Haftung eines 7-jährigen Kindes für die Folgen eines Schusses mit einem Ball

OLG Nürnberg, Urteil vom 28.04.2006, AZ: 5 U 130/06
Im vorliegenden Fall hatten zwei Kinder mit dem Ball gespielt. Das eine Kind war 7 Jahre alt, das andere Kind 8 Jahre. Der Ball gehörte dem 8-jährigen Kind. Als die Mutter dieses Kind nach Hause rief, verlangte dieses Kind von dem 7-jährigen Kind den Ball heraus. Diese schoss den Ball daraufhin in Richtung des Spielkameraden, traf zunächst das Treppengeländer, von wo der Ball absprang und eine über dem 8-jährigen Kind befindliche Lampe zerstörte, die zersplitterte.

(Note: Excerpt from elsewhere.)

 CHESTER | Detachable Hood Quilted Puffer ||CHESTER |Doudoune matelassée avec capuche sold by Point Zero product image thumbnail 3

Hierdurch aufgeschreckt sah das 8-jährige Kind nach oben und wurde in den Augen durch herabfallende Splitter äußerst schwer verletzt.

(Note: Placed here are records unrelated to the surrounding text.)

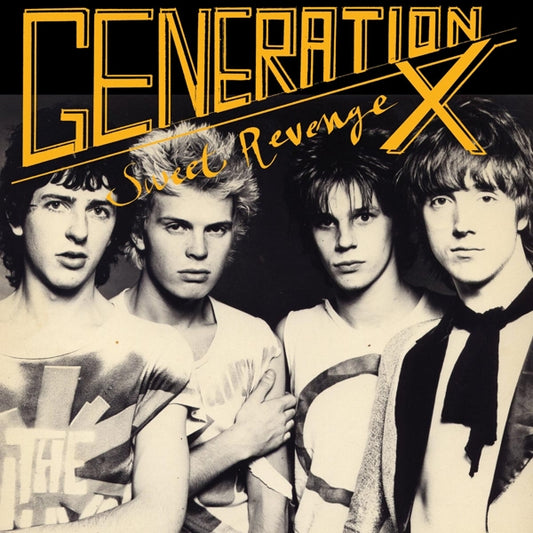 Generation X - Sweet Revenge (2023 repress LP)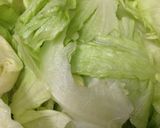 豚ミンチ☆レタス包み作り方1写真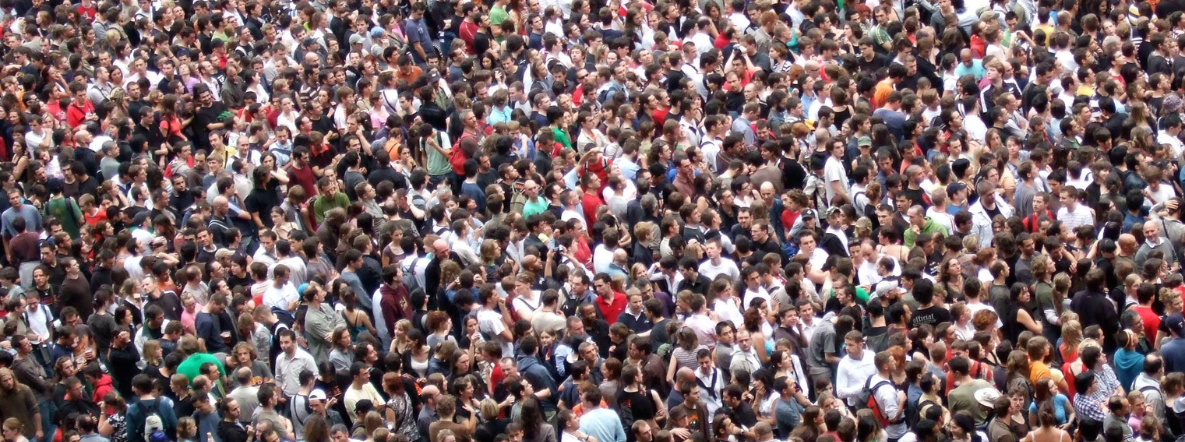 Learning to live together, all eight billion of us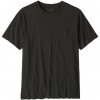 Pánske tričko Patagonia DAILY POCKET TEE - čierna M Pánske tričko Patagonia DAILY POCKET TEE - čierna M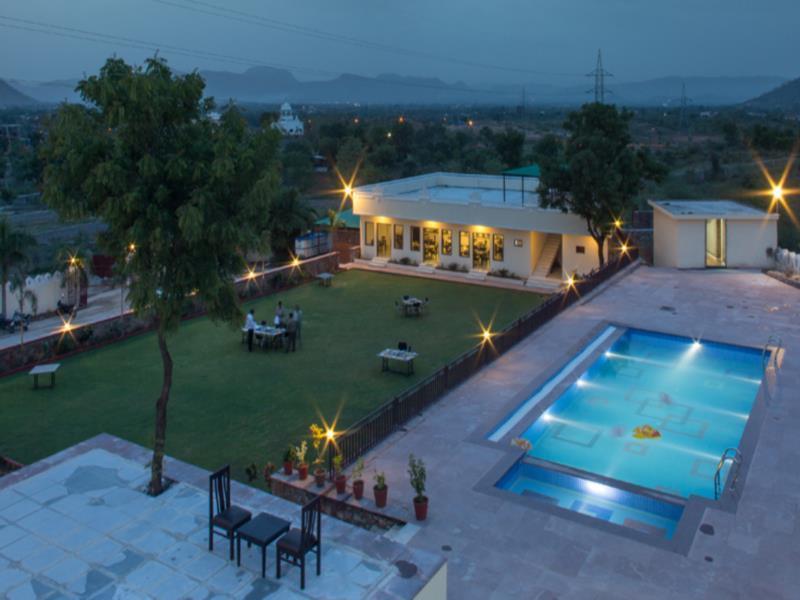Hotel Hill Garden Retreat Udajpur Zewnętrze zdjęcie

Das 8-jährige Kind verklagte daraufhin das 7-jährige Kind auf Leistung von Schadenersatz und Schmerzensgeld. Der Klage wurde erstinstanzlich stattgegeben.

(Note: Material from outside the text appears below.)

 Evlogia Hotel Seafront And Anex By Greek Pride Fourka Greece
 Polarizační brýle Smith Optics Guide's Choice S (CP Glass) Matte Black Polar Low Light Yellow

Die hiergegen eingelegte Berufung wurde durch das OLG Nürnberg zurückgewiesen. In seinen Entscheidungsgründen wies das Gericht darauf hin, dass es vorliegend auf die Einsichtsfähigkeit des beklagten Kindes ankomme. Vorliegend verhielt es sich so, dass schon vor dem schädigenden Ereignis das Kind durch seinen Vater darauf hingewiesen worden war, dass im Bereich des Hauseingangs nicht Ball gespielt werden dürfe, weil sonst die dort befindliche Lampe beschädigt werden könne. Das Gericht führte hierzu aus, dass die Einsichtsfähigkeit des beklagten Kindes vorliege. Nach der Rechtsprechung des BGH besitze derjenige die zur Erkenntnis seiner Verantwortlichkeit erforderliche Einsicht im Sinne der gesetzlichen Vorschriften, der nach seiner individuellen Verstandesentwicklung fähig ist, das Gefährliche seines Tuns zu erkennen und sich der Verantwortung für die Folgen seines Tuns bewusst zu sein. Auf die individuelle Fähigkeit sich dieser Einsicht gemäß zu verhalten, kommt es insoweit nicht an.
Ab dem 7. Lebensjahr wird das Vorliegen dieser Einsichtsfähigkeit vom Gesetz widerlegbar vermutet. Auch das Gericht ging letzten Endes gerade in Kenntnis dessen, dass das Kind zuvor von seinem Vater auf die Gefahr im Eingangsbereich hingewiesen wurde, von dieser Einsichtsfähigkeit aus. Auch sei das Handeln des Beklagten nicht von einem übermäßigen Spieltrieb und Bewegungsfreude getragen gewesen, die unter Umständen alle vernünftigen Erwägungen hinwegspülen. Dies hätte aber auch nur Einfluss auf die Frage, ob das Kind fahrlässig gehandelt hat, nicht auf die Einsichtsfähigkeit. Die Einsichtsfähigkeit liege grundsätzlich vor. Auch habe das Kind vorliegend fahrlässig gehandelt, wobei es für die Frage der Fahrlässigkeit nur auf die Frage ankommt, ob das Kind gewusst hat, dass es sich zu verhalten hat, dass es im Eingangsbereich nicht spielen darf. Insofern habe sogar eine besondere Kenntnis des Kindes vorgelegen, was die Sorgfaltsanforderungen wegen besonderer Kenntnisse und Fähigkeiten erhöht habe. Dass der Schaden selbst, nämlich die schwere Verletzung des Spielkameraden nicht vorhersehbar gewesen sei, sei hierfür nicht von Relevanz. Denn die Vorhersehbarkeit muss sich nur auf den Haftungstatbestand, nicht auf die weitere Schadenentwicklung beziehen.
Dieses Urteil ist deshalb von Relevanz, weil viele Eltern glauben, dass ihre Kinder für einen Schaden nur dann einstehen müssten, wenn sie selbst eine Aufsichtspflicht verletzen würden. Dieses Urteil zeigt eindrucksvoll, dass dies nicht richtig ist. Aus diesem Grunde kann man nur empfehlen, von Anfang an auch für die Kinder eine Haftpflichtversicherung abzuschließen, die für derartige Schäden in diesem Fall aufkommen würde. Ob dies vorliegend der Fall oder nicht, ist allerdings nicht bekannt.